Appendix: Results of Survey of Asia-Pacific Policy Community

This report presents the findings of a survey of the Asia-Pacific policy community conducted by the Pacific Economic Cooperation Council from 19 May to 12 June, 2020. The survey was disseminated through PECC member committees, as well as the APEC Policy Support Unit, the UN Network of Experts for Paperless Trade and Transport in Asia and the Pacific (UNNExT), the Asia- Pacific Research and Training Network on Trade (ARTNET), ESCAP Sustainable Business Network ESBN.

This is not a survey of public opinion but rather, a survey of those whose views influence policymaking, especially at the regional level. As some of the questions tend to be technical, they require a relatively deep knowledge of developments at regional level. However, we do believe that those surveyed include those who are responsible for influencing and often making decisions on various aspects of their economy’s positions within different regional groups.

The guidance for identifying panelists is as follows:


Panelists should be either decision-makers or senior advisors to decision-makers. As a guide, the government respondents in previous years included a number of former and current Ministers, Deputy and Vice-Ministers, Central Bank Governors and their advisors for Asia- Pacific issues, current APEC Senior Officials, and a number of former APEC Senior Officials.


Panelists should be from companies who have operations in a number of Asia-Pacific economies or conduct business with a number of partners from the region. This might include each economy’s current ABAC members as well as past ABAC members. In last year’s survey, these included CEOs, vice presidents for Asia-Pacific operations, and directors of chambers of commerce.

Non-government: Research Community/Civil Society/Media

Panelists should be well-versed in Asia-Pacific affairs, being the type of people governments, businesses, and the media would tap into to provide input on issues related to Asia-Pacific cooperation. These included presidents of institutes concerned with Asia-Pacific issues, heads of departments, senior professors, and correspondents covering international affairs.
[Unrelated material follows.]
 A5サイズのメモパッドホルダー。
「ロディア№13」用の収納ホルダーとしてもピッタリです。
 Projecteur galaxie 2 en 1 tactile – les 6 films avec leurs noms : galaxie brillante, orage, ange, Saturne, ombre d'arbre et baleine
A total of 778 people responded to the survey but after a threshold test of a 30 percent response rate, 710 responses were counted.
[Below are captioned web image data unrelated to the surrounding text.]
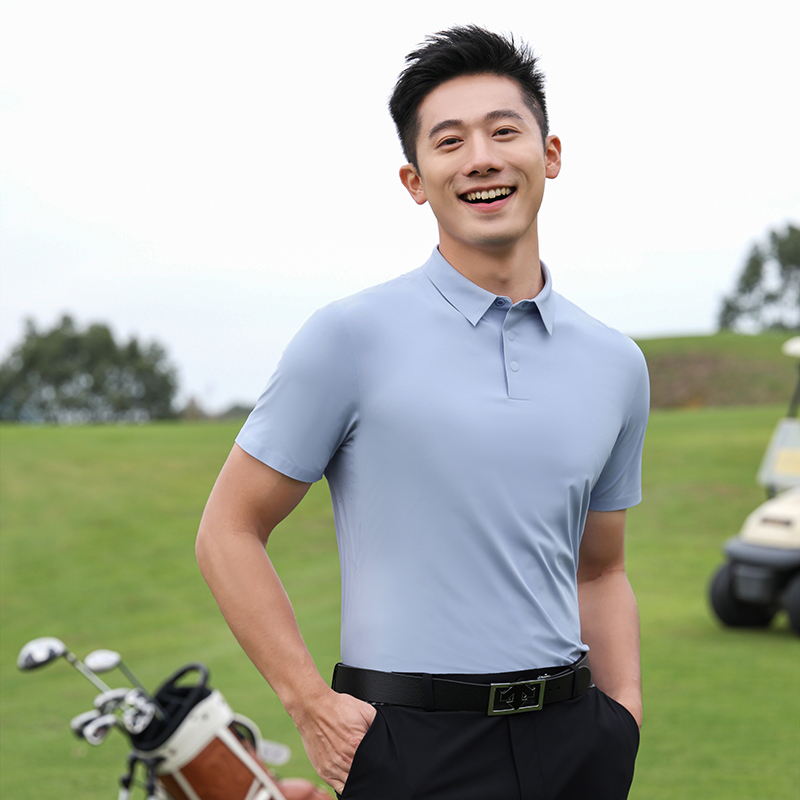 HT042-080 Ultra-Luxury Golf Series Nylon 56 Bio-Based Seamless Short-Sleeve Polo
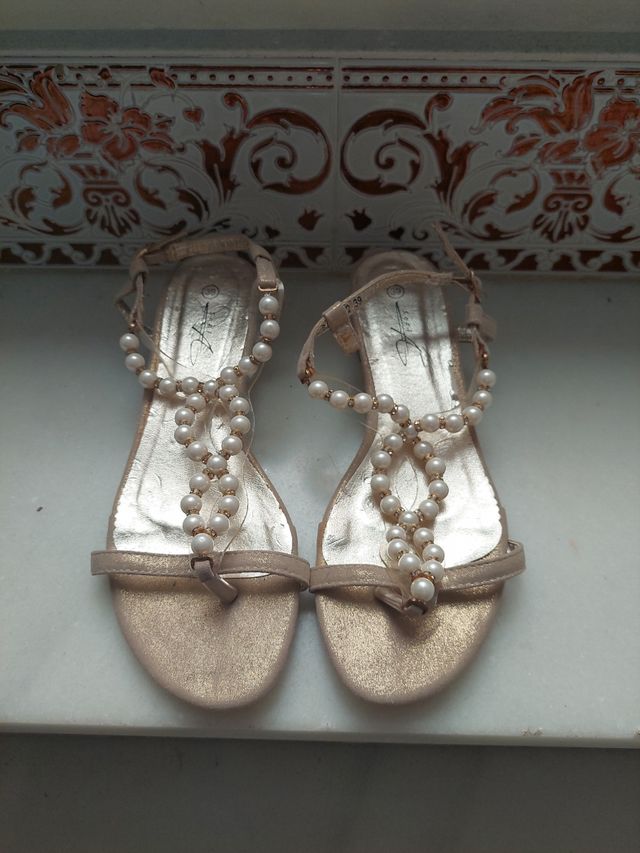 sandalias de perla mujer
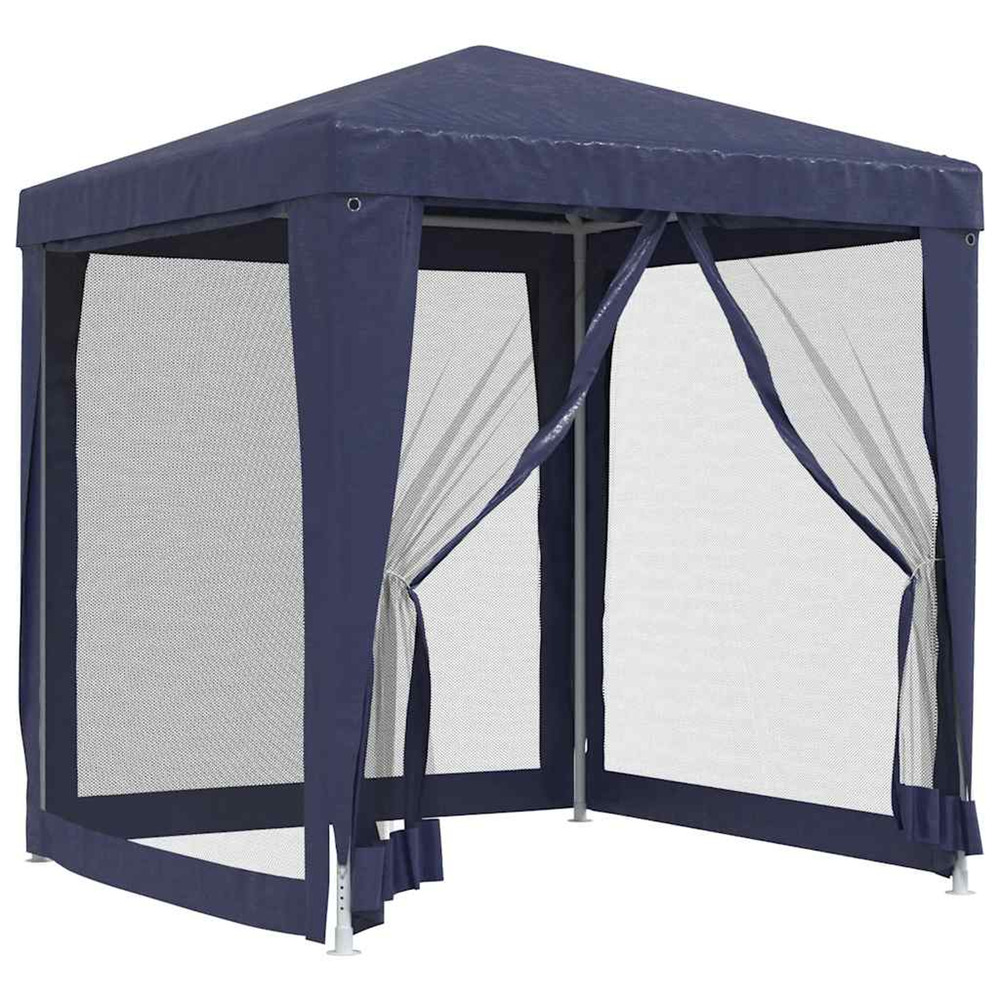 Tente de fête avec 4 parois latérales en maille bleu 2x2 m pehd
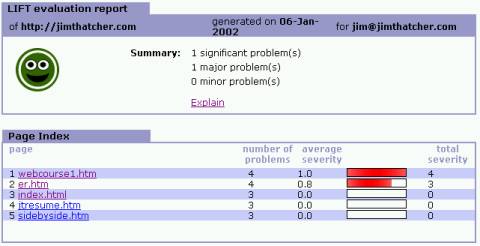 partial screen shot showing lift trial results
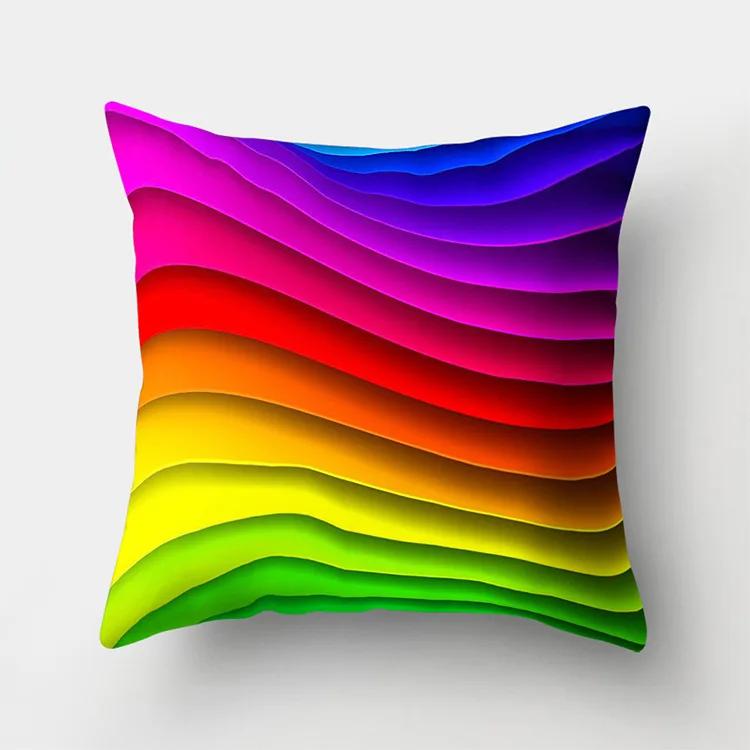 Colorful Geometric Pillow Case Polyester Cushion Cover Animal Rainbow Pillow Cover Decor For Home Car Sofa Decoration 45X45Cm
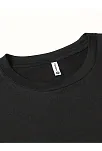 20/1 Penye Compack Baskılı Oversize Bisiklet Yaka Kısa Kol T-shirt - Siyah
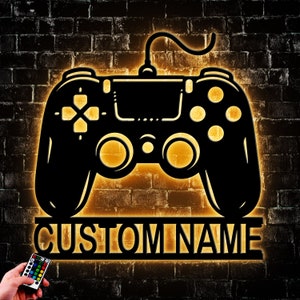 Custom Video Game Metal Wall Art Led Light, Personalized Gamer Name Sign Home Decor, Controller Game Wall Decoration Artwork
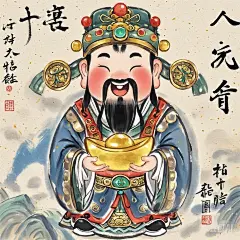 八方来财壁画手绘 (3)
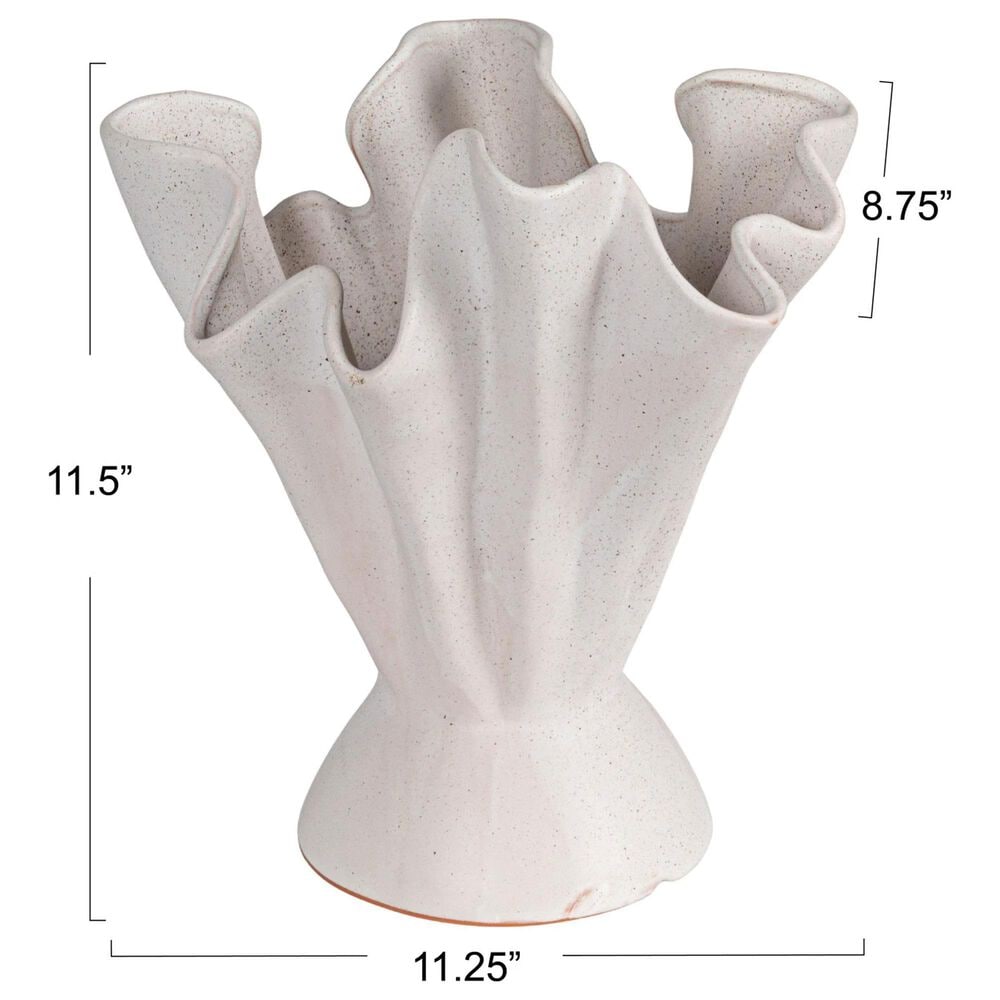 Creative Coop Stoneware Ruffled Vase with Reactive Glaze in Matte Cream, , large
We do not present disaggregated results for each economy but rather by sub-regions – Northeast Asia, North America, Oceania, Pacific South America, and Southeast Asia.

  • North America: Canada, Mexico, and the United States
  • Northeast Asia: China, Hong Kong (China), Japan, Korea, Mongolia, Russia, and Chinese Taipei
  • Oceania: Australia, New Zealand, Papua New Guinea, and French Polynesia 
  • Pacific South America: Chile, Colombia, Ecuador, and Peru 
  • Southeast Asia: Brunei Darussalam, Indonesia, Malaysia, Philippines, Singapore, Thailand, and Vietnam

While included in the broader sample we note a significant number of responses from other Asia-Pacific economies and some from multilateral institutions outside the region. From time to time this report has featured prominent sections on India given its membership in the East Asia Summit and until recently the Regional Comprehensive Economic Partnership (RCEP). The RCEP is considered one of the pathways to the Free Trade Area of the Asia-Pacific (FTAAP), a long-term goal for the region.

Stakeholder Groups

We also present cross-sectoral results of business, government, and non-government responses. The non-government responses combines responses from panelists who identify themselves as academic/research, civil society, media, and other. Some respondents from statutory boards and independent agencies such as Central Bank identified themselves as ‘Other’, for the purpose of this survey, their responses were counted as government.

Emerging and Advanced Economies

The terms emerging and advanced economies are commonly used in this report. These are used for analytical purposes. For this report we use the International Monetary Fund’s definitions.